Take something basic like your health.  On the surface of things how you eat, if you exercise, if you smoke or drink, impact you in the first person.  It could be argued that it's your body and if you don't take care of it, that's on you alone.  But the impact that one thing makes on the people around you and even society at large is actually quite stunning.  The impact on a spouse that suddenly becomes a caregiver, the financial and emotional stress on family members is very real.  Healthcare workers injure themselves more often because they are working with progressively overweight patient populations.  The medical expenses incured on a national level are depleting the resources of medicare and medicaid largely due to modifiable risk factors that are never modified. I.E. diseases you would not get if you took care of yourself!

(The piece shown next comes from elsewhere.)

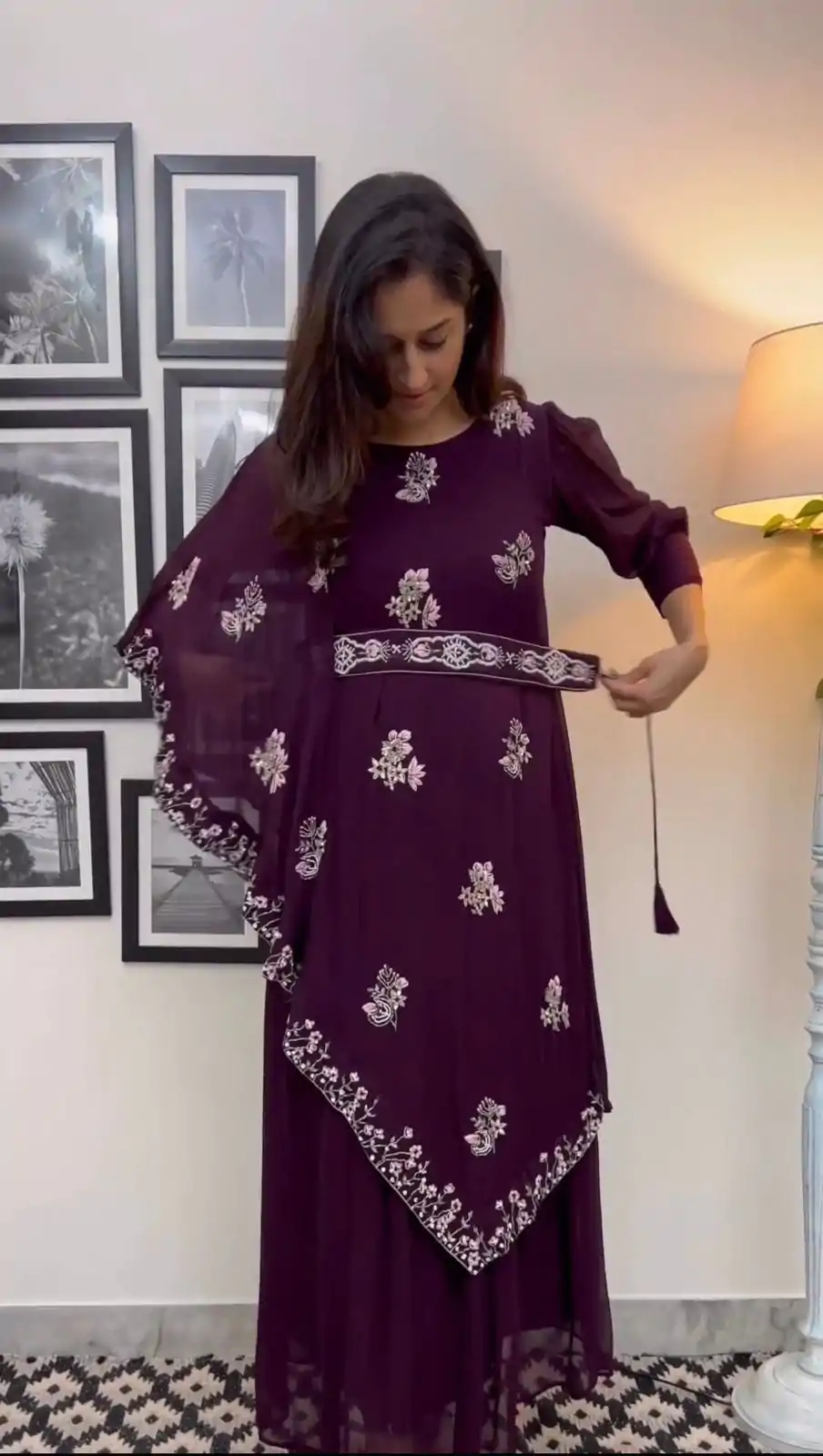 Fancy Wine Color Georgette Thread With Sequence Anarkali Suit - Image 2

Health is just an example. The same can be said of just about every choice we make.  How we treat our spouse, how we spend our money, how we treat the earth, our general morality.

We are too individualistic.  Everything is about us. It's our life, our body, our time, our choices.  But we are not alone and what we do or don't do doesn't just effect us, no matter how personal it is. We are little cells in a great big body.  If the hand has an infection that goes unchecked, the whole body can get toxic.  We can't keep making decisions as though we live in a vacuum.  If only we could sit and think and seriously consider how what we do will impact the people around us.  I think we'd be at least somewhat empowered to make better choices.